We can use the ${\tt SVC()}$ function to fit the support vector classifier for a given value of the ${\tt cost}$ parameter. Here we demonstrate the use of this function on a two-dimensional example so that we can plot the resulting decision boundary. Let's start by generating a set of observations, which belong to two classes:
# Generating random data: 20 observations of 2 features and divide into two classes.
np.random.seed(5)
X = np.random.randn(20,2)
y = np.repeat([1,-1], 10)
X[y == -1] = X[y == -1]+1
Let's plot the data to see whether the classes are linearly separable:
plt.scatter(X[:,0], X[:,1], s=70, c=y, cmap=mpl.cm.Paired)
plt.xlabel('X1')
plt.ylabel('X2')
Nope; not linear. Next, we fit the support vector classifier:
svc = SVC(C=1, kernel='linear')
svc.fit(X, y)
We can now plot the support vector classifier by calling the ${\tt plot\_svc()}$ function on the output of the call to ${\tt SVC()}$, as well as the data used in the call to ${\tt SVC()}$:
plot_svc(svc, X, y)
The region of feature space that will be assigned to the −1 class is shown in light blue, and the region that will be assigned to the +1 class is shown in brown. The decision boundary between the two classes is linear (because we used the argument ${\tt kernel="linear"}$).
The support vectors are plotted with crosses and the remaining observations are plotted as circles; we see here that there are 13 support vectors. We can determine their identities as follows:
svc.support_
What if we instead used a smaller value of the ${\tt cost}$ parameter?
svc2 = SVC(C=0.1, kernel='linear')
svc2.fit(X, y)
plot_svc(svc2, X, y)
Now that a smaller value of the ${\tt c}$ parameter is being used, we obtain a larger number of support vectors, because the margin is now wider.

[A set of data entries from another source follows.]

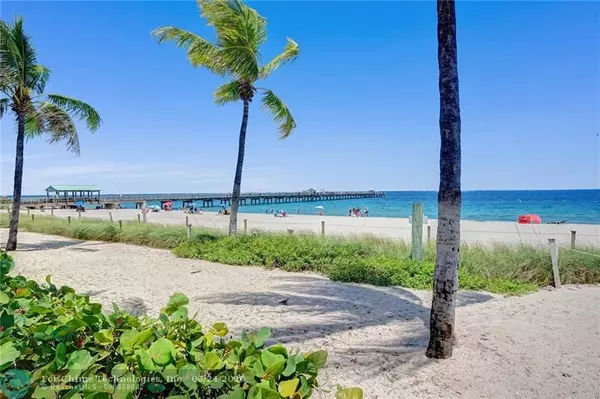 Lauderdale By The Sea, FL 33308,4318 El Mar Dr  #402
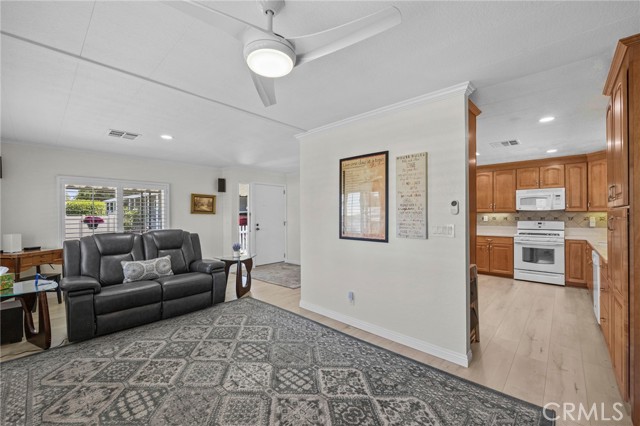 Detail Gallery Image 8 of 39 For 1440 Ridgemont Way, Corona,  CA 92880 - 2 Beds | 2 Baths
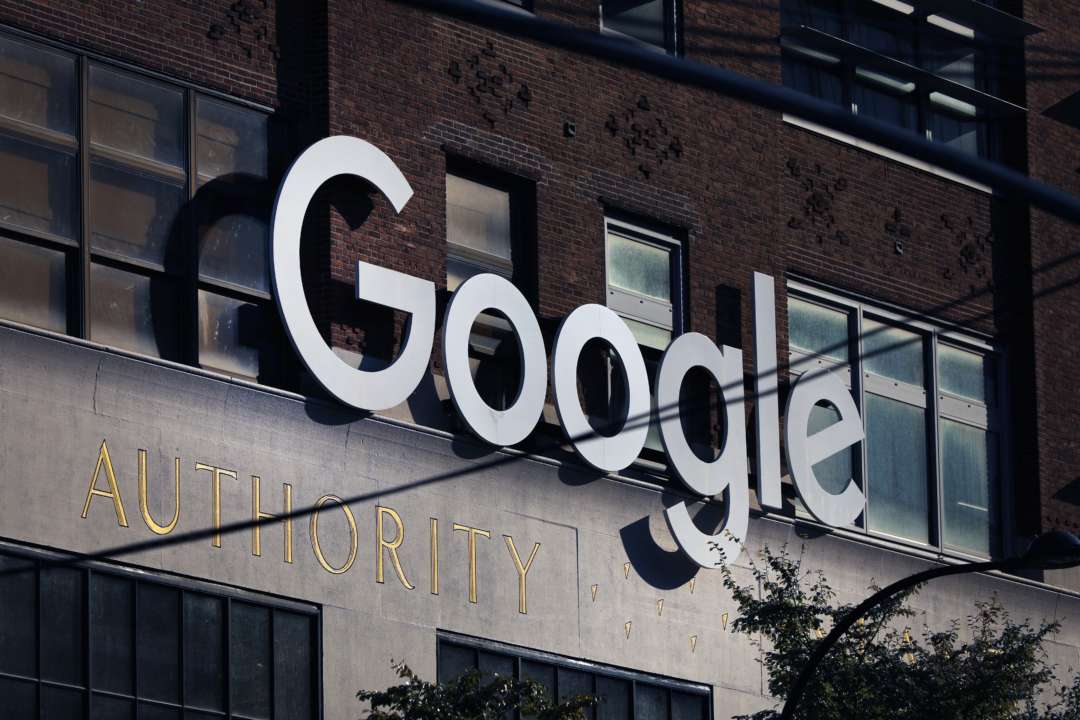 Фото: Getty Images Система Google Pay дозволила користувачам переказувати гроші в інші країни
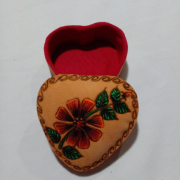 Alhajero de corazón de piel gamuza 10 cm por 4 cm pintado a mano.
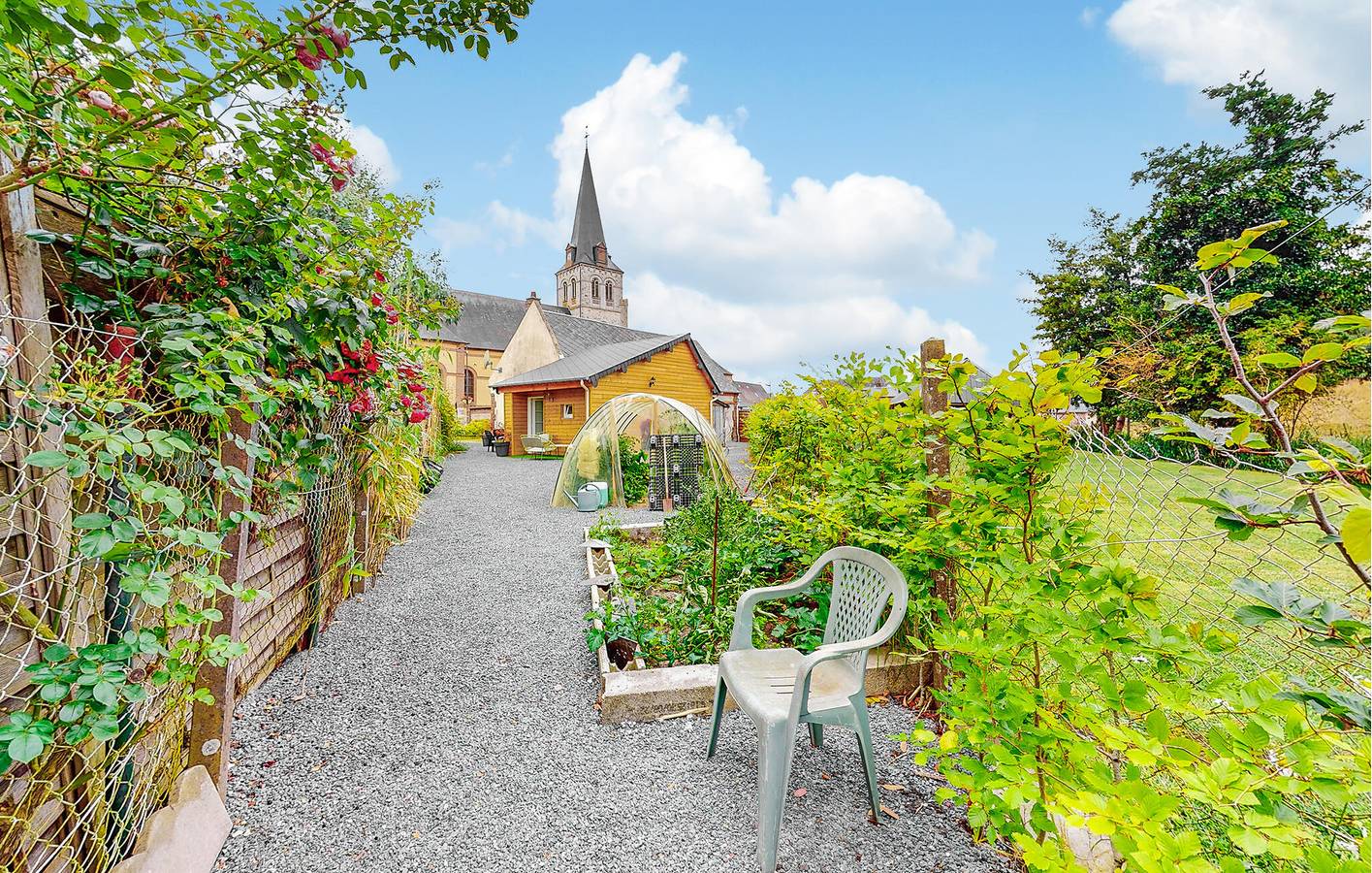 Cozy Garden Apartment with River Views - 2km to La Durdent in Grainville-la-Teinturière, Dieppe region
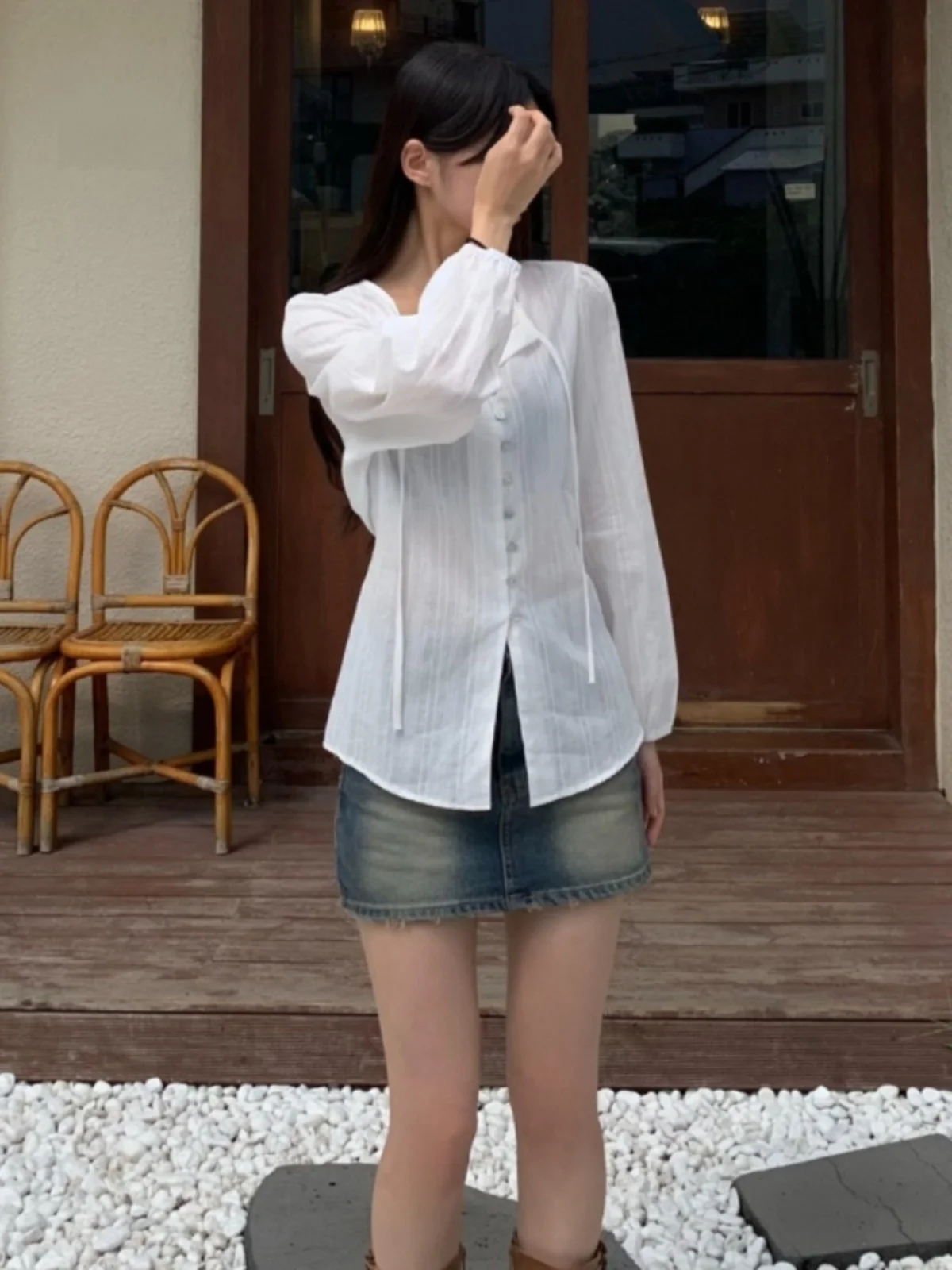 Spring 2025 Women's Slim Fit Long Sve White irt Belted Design Korean Sle Commute Bubble Sve Regular Length Pure Color
Spring 2025 Women's Slim Fit Long Sve White irt Belted Design Korean Sle Commute Bubble Sve Regular Length Pure Color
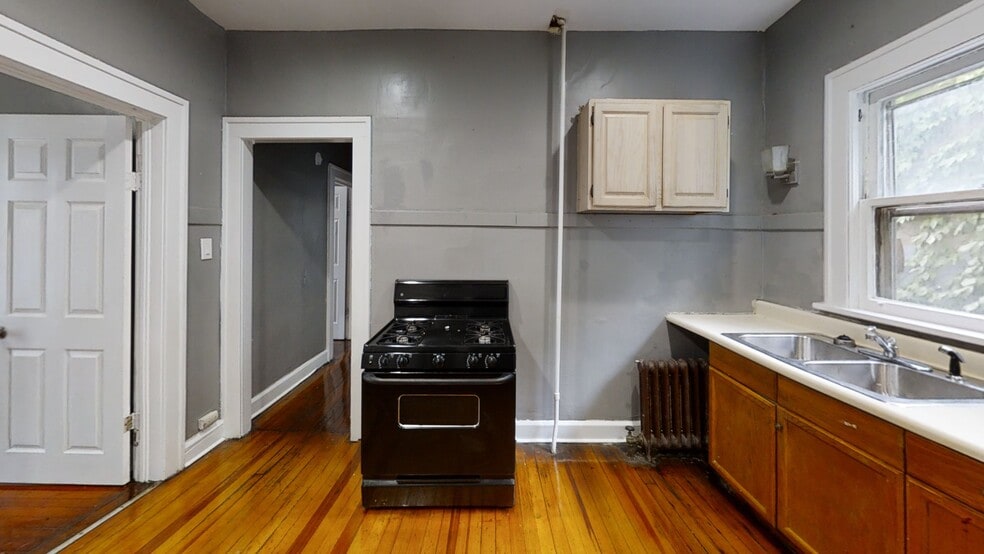 More Photos Of , Albany Multifamily For Sale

The ${\tt sklearn.grid\_search}$ module includes a a function ${\tt GridSearchCV()}$ to perform cross-validation. In order to use this function, we pass in relevant information about the set of models that are under consideration. The following command indicates that we want perform 10-fold cross-validation to compare SVMs with a linear kernel, using a range of values of the cost parameter:
from sklearn.model_selection import GridSearchCV
# Select the optimal C parameter by cross-validation
tuned_parameters = [{'C': [0.001, 0.01, 0.1, 1, 5, 10, 100]}]
clf = GridSearchCV(SVC(kernel='linear'), tuned_parameters, cv=10, scoring='accuracy')
clf.fit(X, y)
We can easily access the cross-validation errors for each of these models:
clf.cv_results_
The ${\tt GridSearchCV()}$ function stores the best parameters obtained, which can be accessed as follows:
clf.best_params_
c=0.001 is best according to ${\tt GridSearchCV}$.
As usual, the ${\tt predict()}$ function can be used to predict the class label on a set of test observations, at any given value of the cost parameter. Let's generate a test data set:
np.random.seed(1)
X_test = np.random.randn(20,2)
y_test = np.random.choice([-1,1], 20)
X_test[y_test == 1] = X_test[y_test == 1]-1
Now we predict the class labels of these test observations. Here we use the best model obtained through cross-validation in order to make predictions:
svc2 = SVC(C=0.001, kernel='linear')
svc2.fit(X, y)
y_pred = svc2.predict(X_test)
pd.DataFrame(confusion_matrix(y_test, y_pred), index=svc2.classes_, columns=svc2.classes_)
With this value of ${\tt c}$, 14 of the test observations are correctly classified.
Now consider a situation in which the two classes are linearly separable. Then we can find a separating hyperplane using the ${\tt svm()}$ function. First we'll give our simulated data a little nudge so that they are linearly separable:
X_test[y_test == 1] = X_test[y_test == 1] -1
plt.scatter(X_test[:,0], X_test[:,1], s=70, c=y_test, cmap=mpl.cm.Paired)
plt.xlabel('X1')
plt.ylabel('X2')
Now the observations are just barely linearly separable. We fit the support vector classifier and plot the resulting hyperplane, using a very large value of ${\tt cost}$ so that no observations are misclassified.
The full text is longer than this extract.